From the second brace onwards, more time can usually elapse between braces. It may even be enough to get a new one about once a year.

Youngsters are often anxious at the prospect of changing their brace, fearing that the new one will be uncomfortable. Actually, however, they are unlikely to experience the same discomfort they had at the very start of the treatment.
In fact, in most cases they will find the new brace is more “comfortable”, given that it replaces one that had become too short and tight, and so no longer adequate. Furthermore, having already had to get used to wearing a brace, these “experienced” patients will be better able to recognise, quickly, any problems with the new one.
This will allow them to give the orthopaedic technician clear feedback, useful for making it fit better.  

My treatment hasn’t had the desired effect: why?

Sometimes, even when a patient has followed the prescribed course of treatment (bracing and exercises), the final outcome isn’t what they expected and there are no marked improvements. Why is this?

Let’s start by reiterating something we all know to be a fact.

Scoliosis is a disease that can strike with varying degrees of severity and, as we have said many times, its origin is not known. However, although we don’t know what causes it, thanks to scientific research we are learning more and more about how it evolves and how to treat it.

The vast body of scientific literature now available on this topic has shown us the importance of monitoring scoliosis and its evolution during skeletal growth, in particular during the pubertal growth spurt, which is known to be the most critical phase in the course of this disease.

The aim of conservative treatment, which includes specific exercises and bracing, is to limit the progression of scoliosis during growth, so as to prevent problems from arising in adulthood, and to try and avoid the need to perform highly invasive surgery.

The risk of the disease worsening differs from patient to patient and from curve to curve. Unfortunately, there are no elements that allow us to predict this risk; all we have are indicators that can tell us how likely it is that the condition will worsen and, even then, we are only talking in terms of probabilities. Therefore, the task of the medical team responsible for making the diagnosis and treating the patient is to constantly monitor the situation and adjust the treatment as necessary.
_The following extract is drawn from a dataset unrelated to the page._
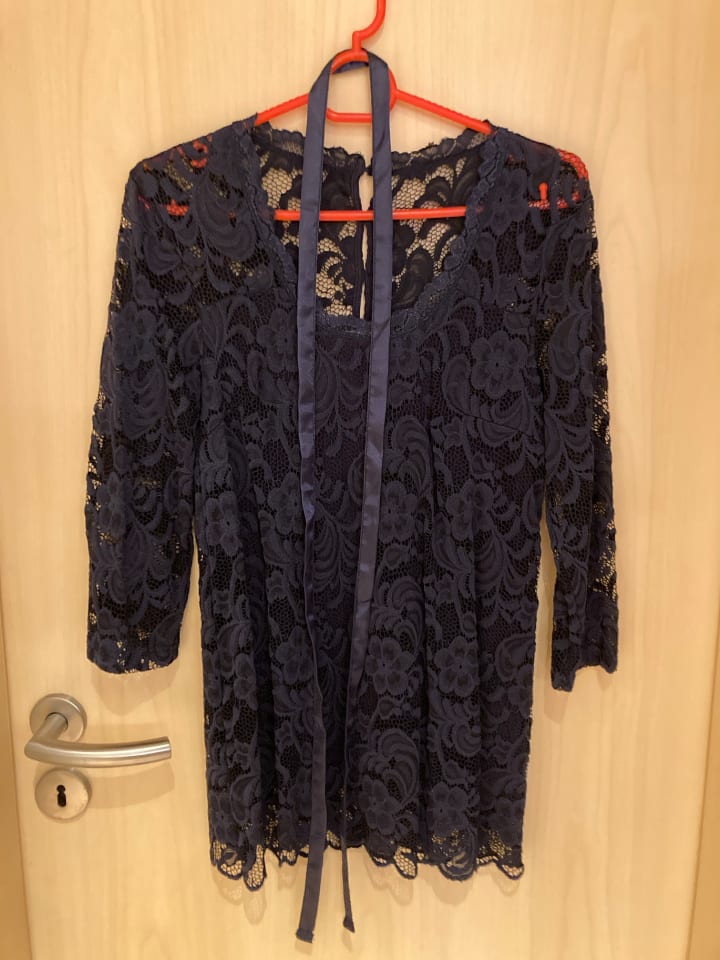 mama licious Shirt Umstandstop Spitze MLMIVANA 3/4 WOVEN TOP in Navy günstig kaufen S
After all, we do not want to be too aggressive, but at the same time we need to avoid the risk of underestimating the case and prescribing an ineffective treatment.

The other key factor for a successful outcome is the patient’s “adherence” to the prescribed treatment, in other words his/her ability to follow it constantly and with precision.
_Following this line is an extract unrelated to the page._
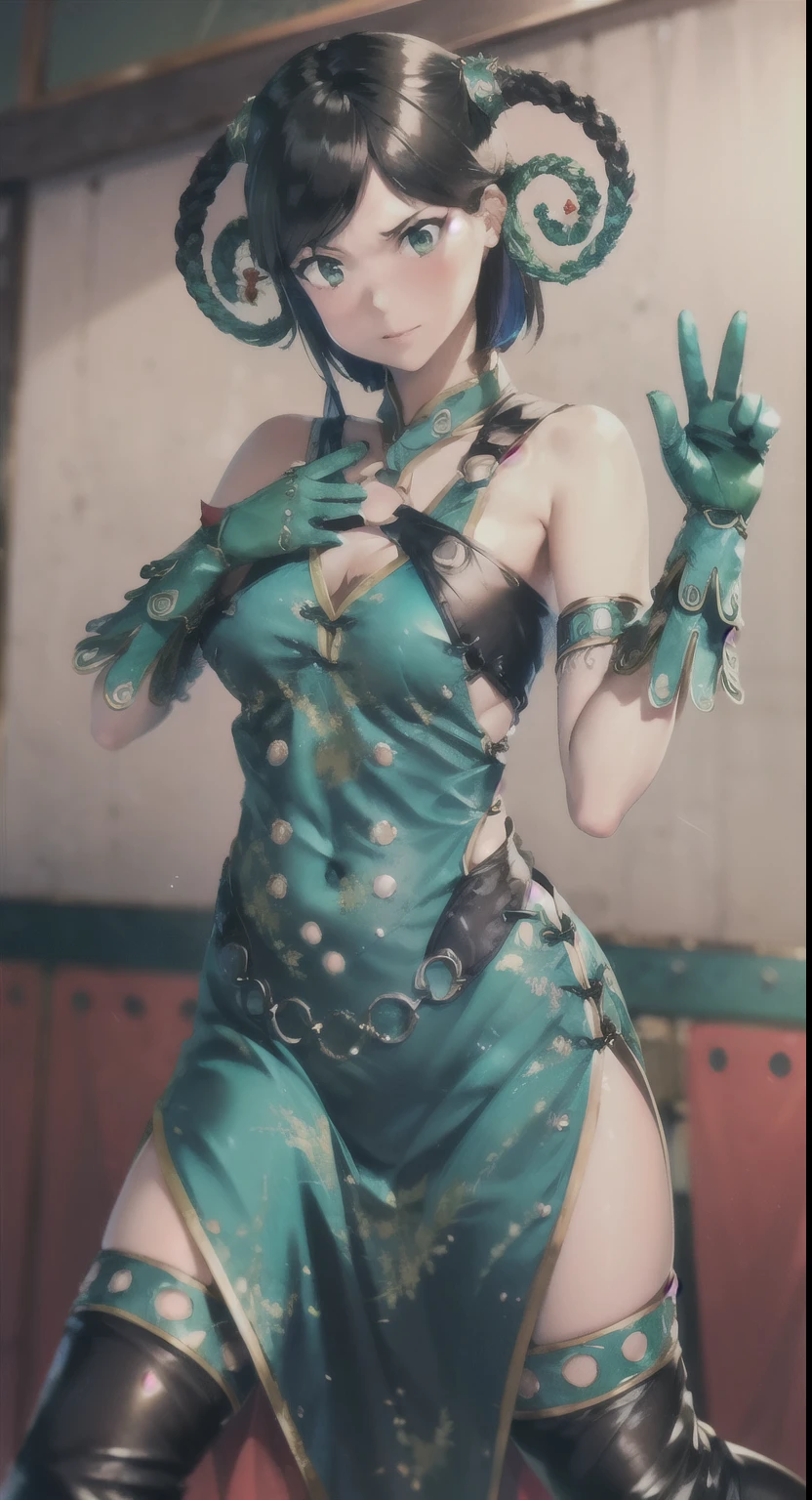(Highly detailed CG), (highest quality), Dear Mele、Perfect Face, Shiny skin, Shiny skin,Wide Hips,A girl with a small waist,mini skirt、White panties、solo meregeki,Multicolored Hair, Thighs,twin Braidings,Side slits,black Thighs,Bracelet, Iris,Cleavage,thigh boots, green ミニdress, green gloves, hair ornaments,short hair, boots, china dress, Exposing shoulders, Hair Ring, Braiding,Thighs,Chinese clothing, gloves, dress, Black Hair, anger, Combat Stance, , Clenched hands,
How much do these two factors influence the result?

A few years ago, we did a study of “extreme” cases (less than 3% of the total), i.e. those patients showing the best and worst treatment outcomes, defined respectively as a greater than 20° improvement or a greater than 20° worsening of the curve. 
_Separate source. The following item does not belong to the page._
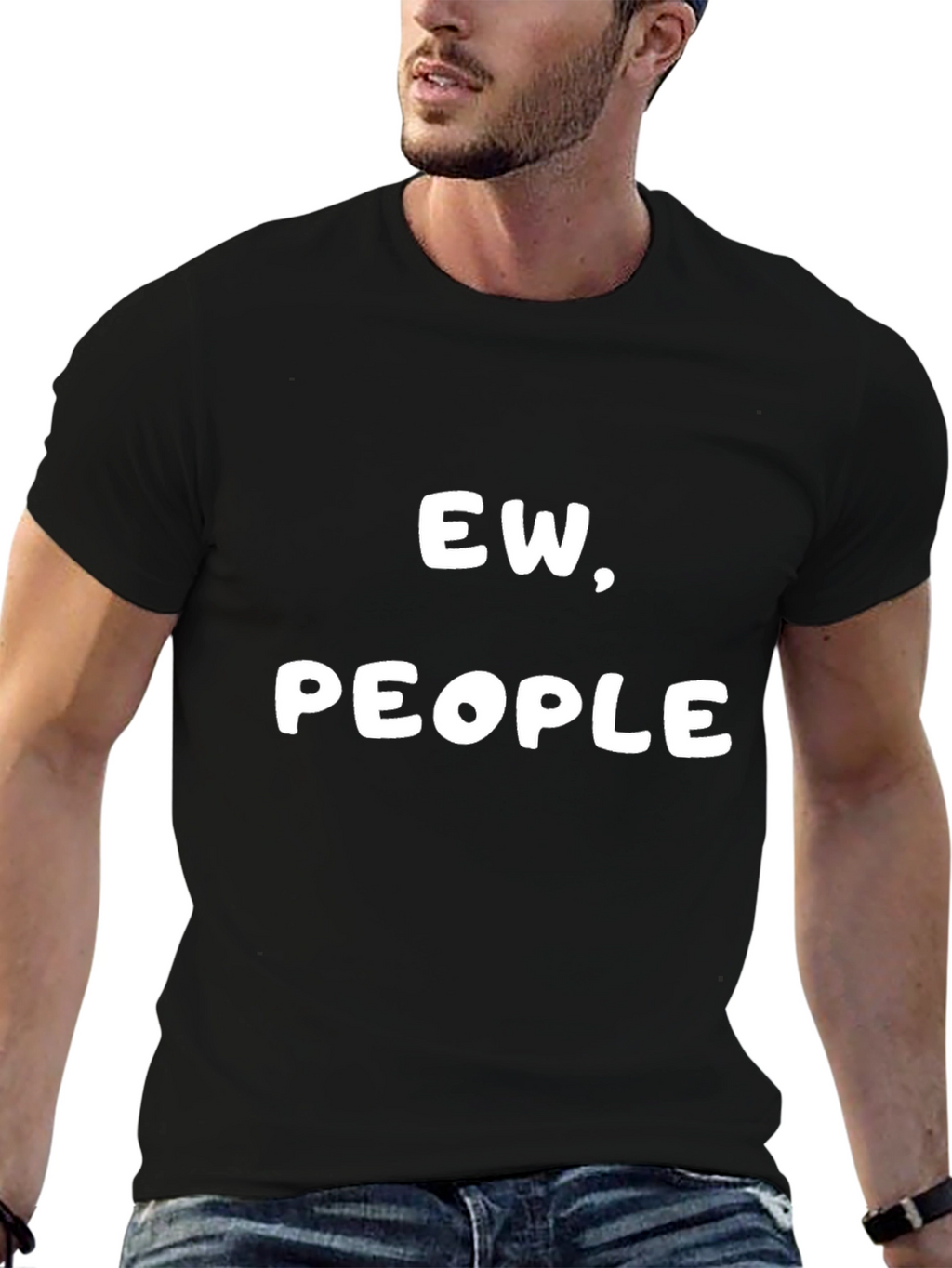Ew People Graphic Tee - Black Crew Neck T-Shirt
We found that all the patients (100%) who obtained exceptional results were treated with both bracing and exercises. But we also found that 50% of the patients with the poorest outcomes had nevertheless followed the treatment perfectly. In these cases, while the treatment had failed to arrest the course of particularly aggressive forms of scoliosis, the patients’ adherence to it had undoubtedly slowed down the worsening of the curve and prevented it from being as marked as it would have been without any treatment at all. And this brings us back to what we said at the start: although some cases show no apparent improvements, scoliosis that has worsened a little at the end of treatment must be considered a great success if the outcome of no treatment would have been a far more severe deterioration.

So, what do we ask of our patients? To collaborate, adhering to the treatment fully and regularly attending check-ups, so as not to run the risk of obtaining disappointing results, despite being treated.